ICE Must End Detention of Pregnant Women, Hundreds of Human Rights Organizations Demand

More than 250 civil and human rights organizations have called on the U.S. Immigration and Customs Enforcement (ICE) agency to reverse a recent policy change allowing the detention of pregnant women in a letter signed by organizations including the American Civil Liberties Union and Human Rights Watch.

The letter, addressed to ICE Acting Director Thomas Homan, calls on the agency to "reinstitute [the] presumption that pregnant individuals should not be subject to detention," asserting that the "arbitrary detention of pregnant people...violates international human rights norms."

Human rights groups are calling on the U.S. Immigration and Customs Enforcement agency to reverse policy change that allows for the detainment of pregnant undocumented women. John Moore/Getty

The call from 276 rights groups comes after ICE announced a public policy last month revoking guidance limiting the detention of pregnant women.

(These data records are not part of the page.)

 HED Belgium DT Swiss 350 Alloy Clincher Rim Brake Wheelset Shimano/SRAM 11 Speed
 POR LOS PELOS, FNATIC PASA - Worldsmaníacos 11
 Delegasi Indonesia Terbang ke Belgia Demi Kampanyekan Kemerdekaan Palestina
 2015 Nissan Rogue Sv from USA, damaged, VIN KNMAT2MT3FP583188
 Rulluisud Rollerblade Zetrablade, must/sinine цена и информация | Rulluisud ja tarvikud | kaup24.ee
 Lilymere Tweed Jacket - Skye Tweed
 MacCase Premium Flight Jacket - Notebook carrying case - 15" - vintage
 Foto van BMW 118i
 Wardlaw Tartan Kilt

The new policy also removed reporting requirements regarding the treatment of pregnant women.

In response to the March 29 announcement, the ACLU said the decision exposed "the cruelty of Trump's detention and deportation force by endangering the lives of pregnant immigrant women," arguing that it "removes critical protections for [a] vulnerable population."

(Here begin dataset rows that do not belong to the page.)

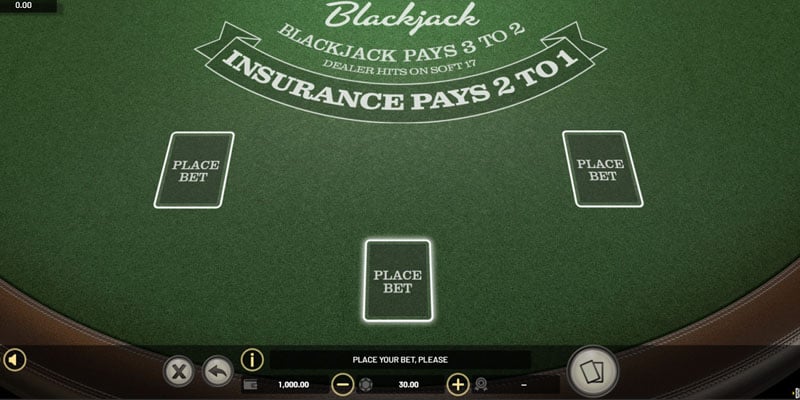 Blackjack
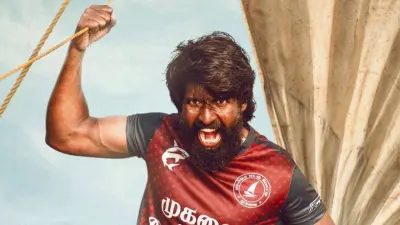 Soori Mandaadi Sea Shoot Tested Him Like Never Before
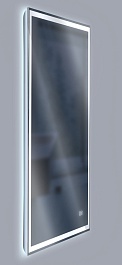 Vincea Зеркало 60x80 VLM-3VN600-2 с подсветкой и антизапотеванием – фотография-3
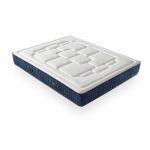 Colchão Dagostino Home Visco Viena Premium de Alta Qualidade, Altura 23 cm 140x190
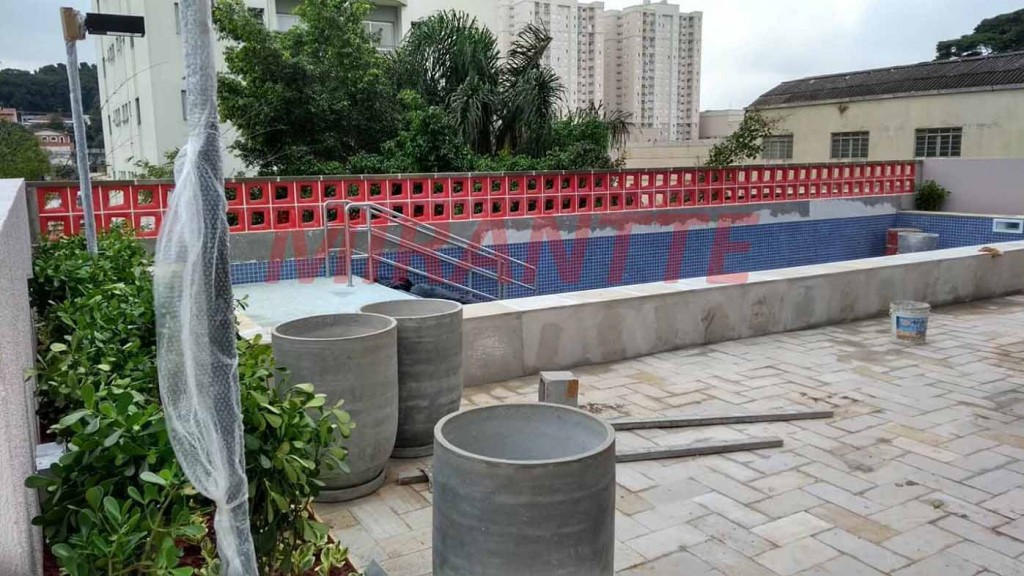 Apartamento de 49m² com 2 quartos em Vila Amalia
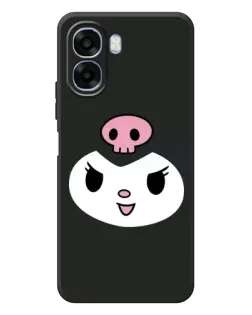 Чехол для OPPO A6x с картинкой «Большая мордочка Куроми»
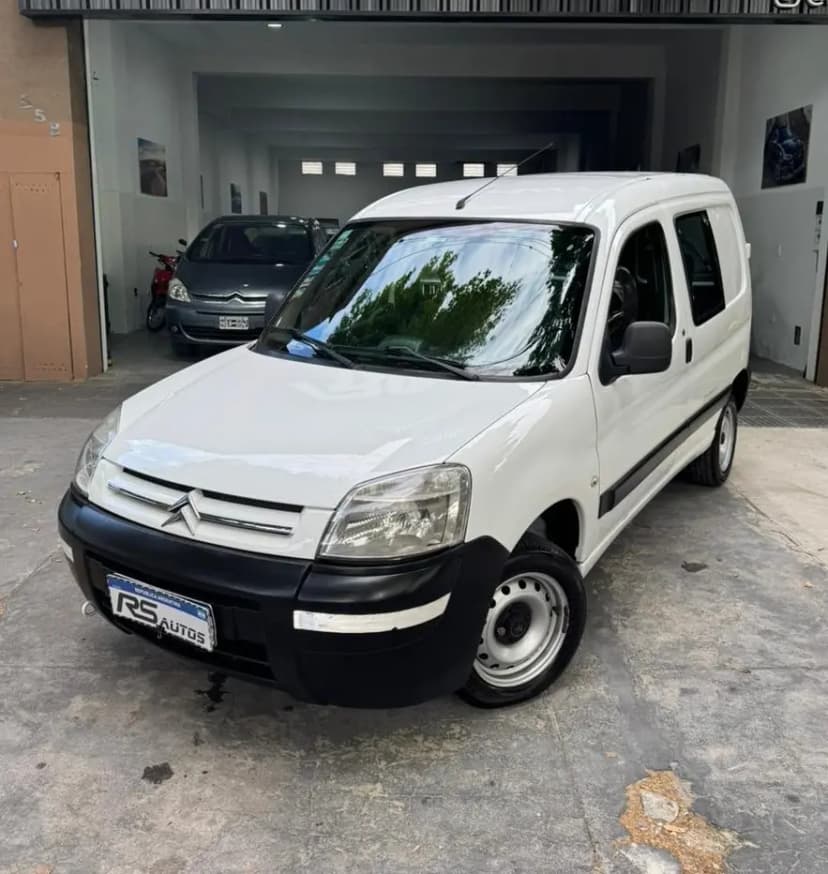 Citroën Berlingo Furgon 1.6 Hdi 92 Bussines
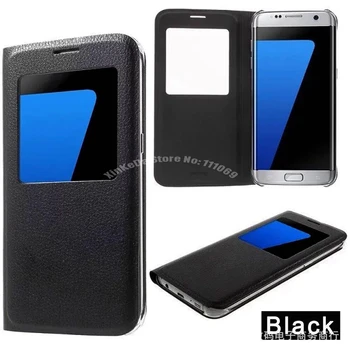 50pcs DHL Coque For Samsung Galaxy Note 7 Case View Window Stand Flip PU Leather Case For Samsung Galaxy Note7 SM-N9300 Cover
50pcs DHL Coque For Samsung Galaxy Note 7 Case View Window Stand Flip PU Leather Case For Samsung Galaxy Note7 SM-N9300 Cover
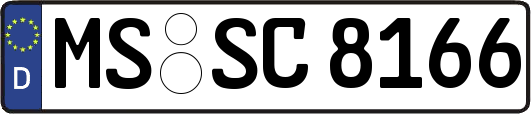 MS-SC8166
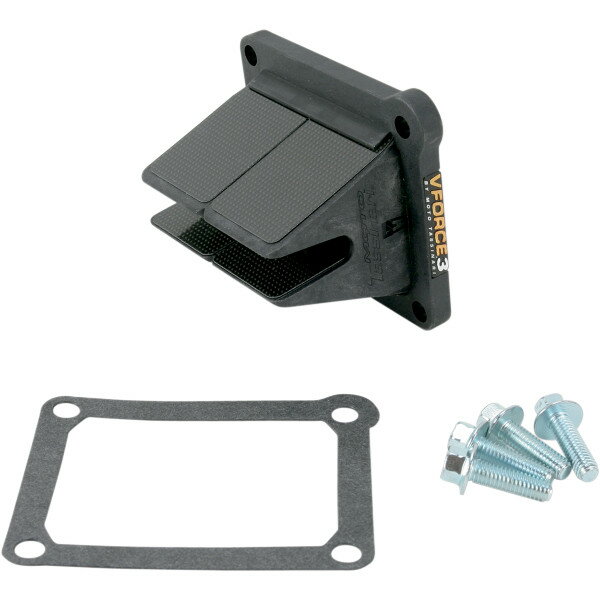 【USA在庫あり】 モト タシナリ Moto Tassinari リードバルブ VFORCE3 89年-96年 YZ250 カーボン 1008-0244 HD店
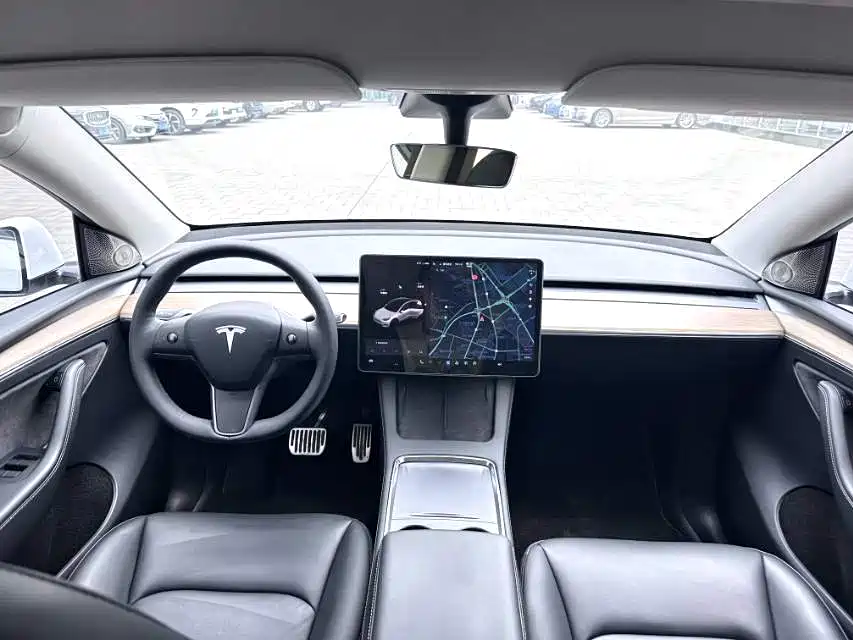 Tesla Model Y 2021 — фото 5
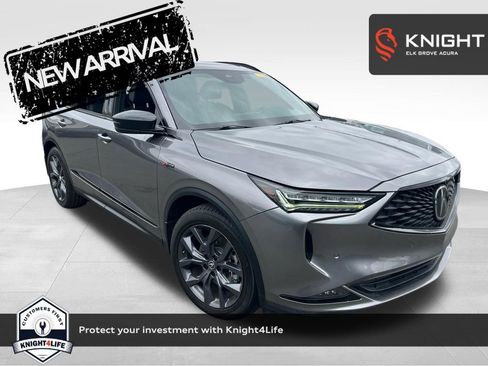 Used 2022 Acura MDX A-Spec image 1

In the letter, organizations state that "all pregnant women and adolescents held in federal custody, regardless of immigration status, should have access to adequate, timely, evidence-based, and comprehensive health care...Care that is not available in these facilities."

The human rights groups note that the United Nations Special Rapporteur on Torture and Other Cruel, Inhuman or Degrading Treatment or Punishment has demanded that the "imprisonment of pregnant women must be reduced to a minimum and considered only when other alternatives are unavoidable or unsuitable."

They state that pregnant women in detention have experienced "delayed access to prenatal care, threatening both the pregnant individual's health and the health of their fetus," with some women having "tragically suffered miscarriages while being held in detention."

"Nursing mothers report not being given information about or supplied with breast pumps that would allow them to maintain their milk supply while separated from their children," the letter also states.

Read more: Trump official says undocumented minors do not have constitutional right to abortions

In a statement posted on its website, the ACLU pointed out that several medical and mental health organizations, including the American College of Obstetricians and Gynecologists (ACOG), the Mount Sinai Human Rights Program, the American Academy of Pediatrics and the American Academy of Family Physicians have also stated their opposition to the policy shift, citing the "harmful effects of detention" on both the "medical and mental health of pregnant individuals."

The ACOG has said in a committee opinion published on its website that "women, especially pregnant women, held in immigration detention facilities have poor access to medical care," adding that they are also "highly vulnerable to sexual assault."

The letter signed by human rights organizations states that ICE "needs more, not less, transparency and accountability, to ensure that immigrants and asylum seekers have access to adequate and culturally sensitive reproductive healthcare."

It also calls on the agency to cooperate with an investigation launched by the Government Accountability Office investigating allegations of abuse of pregnant women in detention.